[Task details]:
The records that follow are to be repeated exactly, with the pictures removed.

Caption-style text data:
......
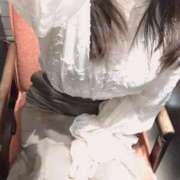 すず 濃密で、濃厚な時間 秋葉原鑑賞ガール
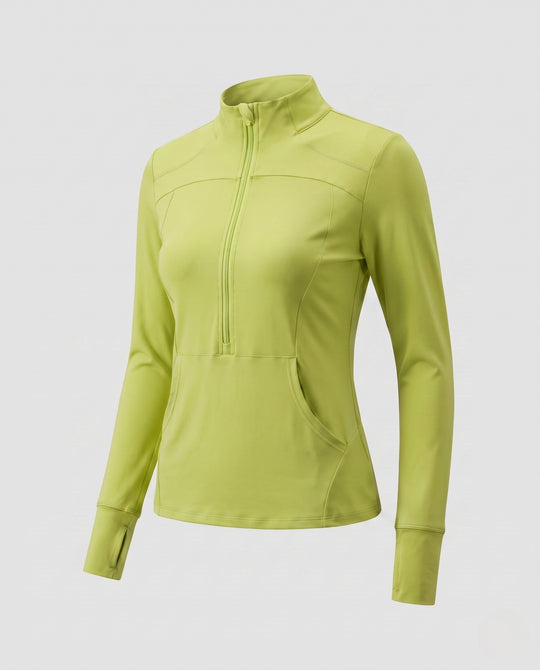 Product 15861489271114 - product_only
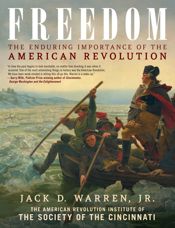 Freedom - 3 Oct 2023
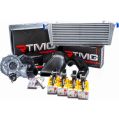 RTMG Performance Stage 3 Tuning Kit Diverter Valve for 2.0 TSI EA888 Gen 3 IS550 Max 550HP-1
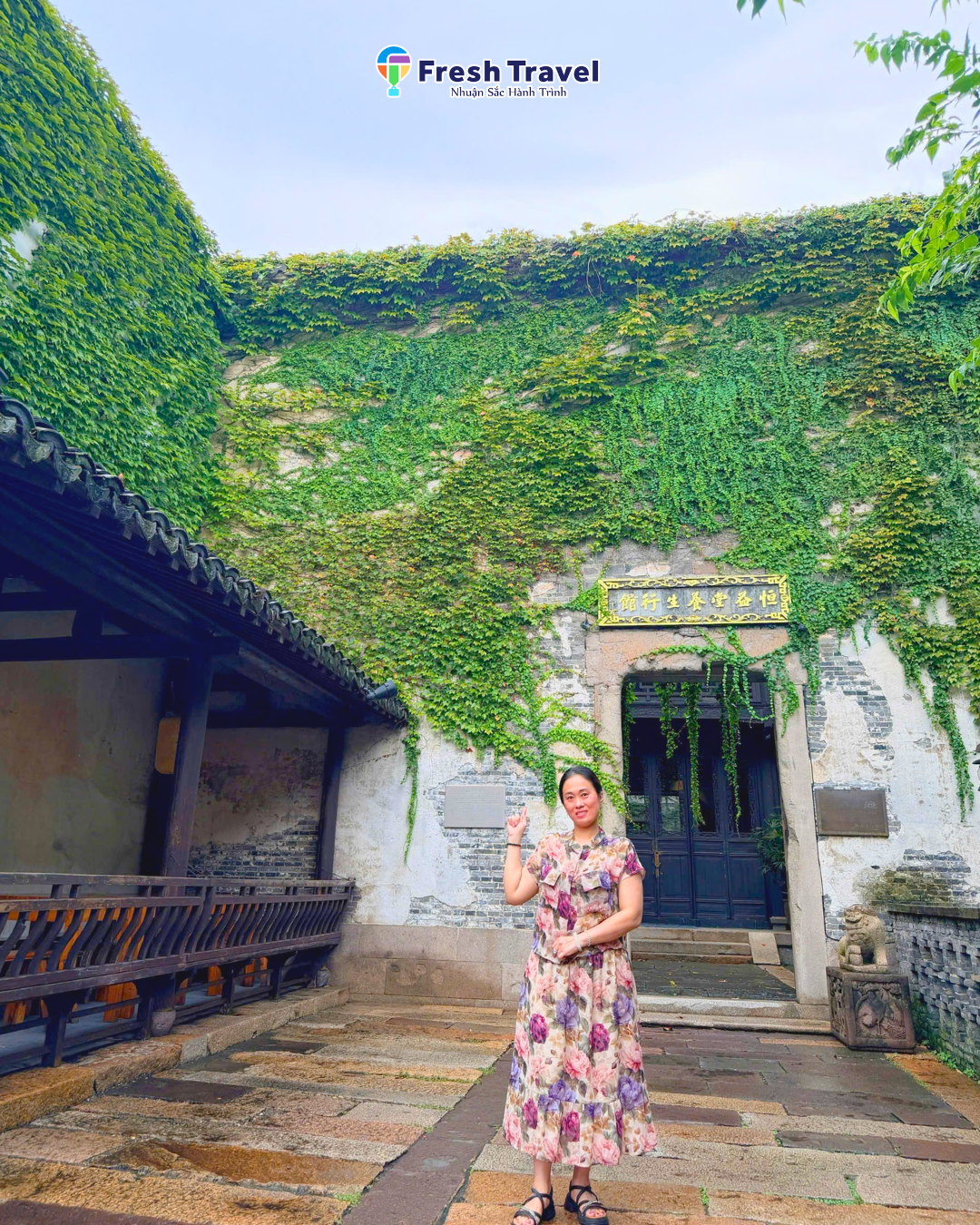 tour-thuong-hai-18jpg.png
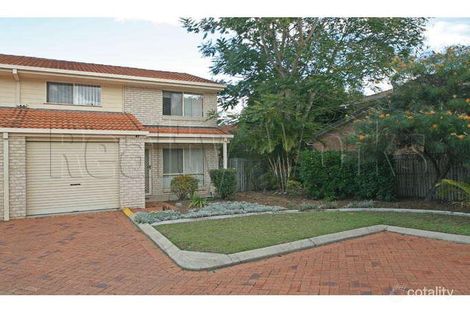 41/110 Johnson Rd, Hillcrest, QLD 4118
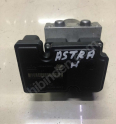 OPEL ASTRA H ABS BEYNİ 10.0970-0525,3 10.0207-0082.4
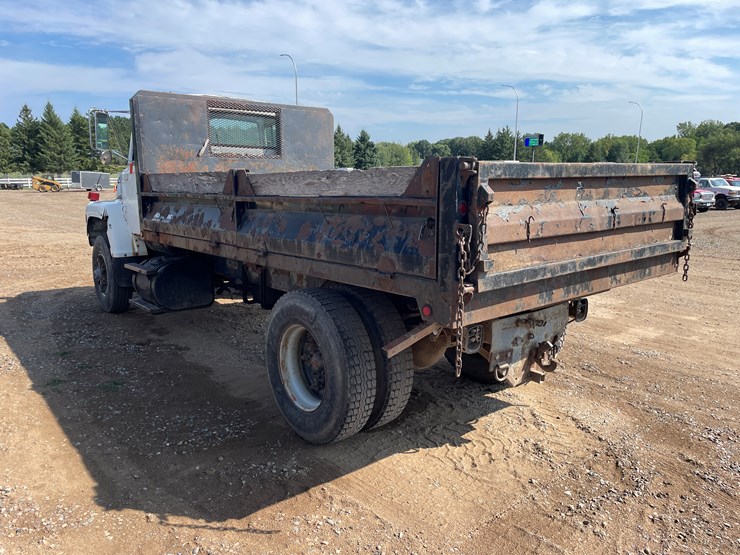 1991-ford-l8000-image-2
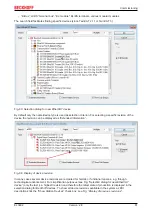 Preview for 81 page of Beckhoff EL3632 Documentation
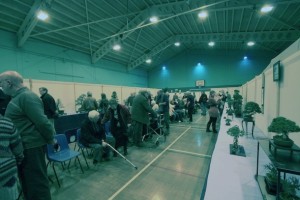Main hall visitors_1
......
[Result of the task]:
 すず 濃密で、濃厚な時間 秋葉原鑑賞ガール
 Product 15861489271114 - product_only
 Freedom - 3 Oct 2023
 RTMG Performance Stage 3 Tuning Kit Diverter Valve for 2.0 TSI EA888 Gen 3 IS550 Max 550HP-1
 tour-thuong-hai-18jpg.png
 41/110 Johnson Rd, Hillcrest, QLD 4118
 OPEL ASTRA H ABS BEYNİ 10.0970-0525,3 10.0207-0082.4
 1991-ford-l8000-image-2
 Preview for 81 page of Beckhoff EL3632 Documentation
Main hall visitors_1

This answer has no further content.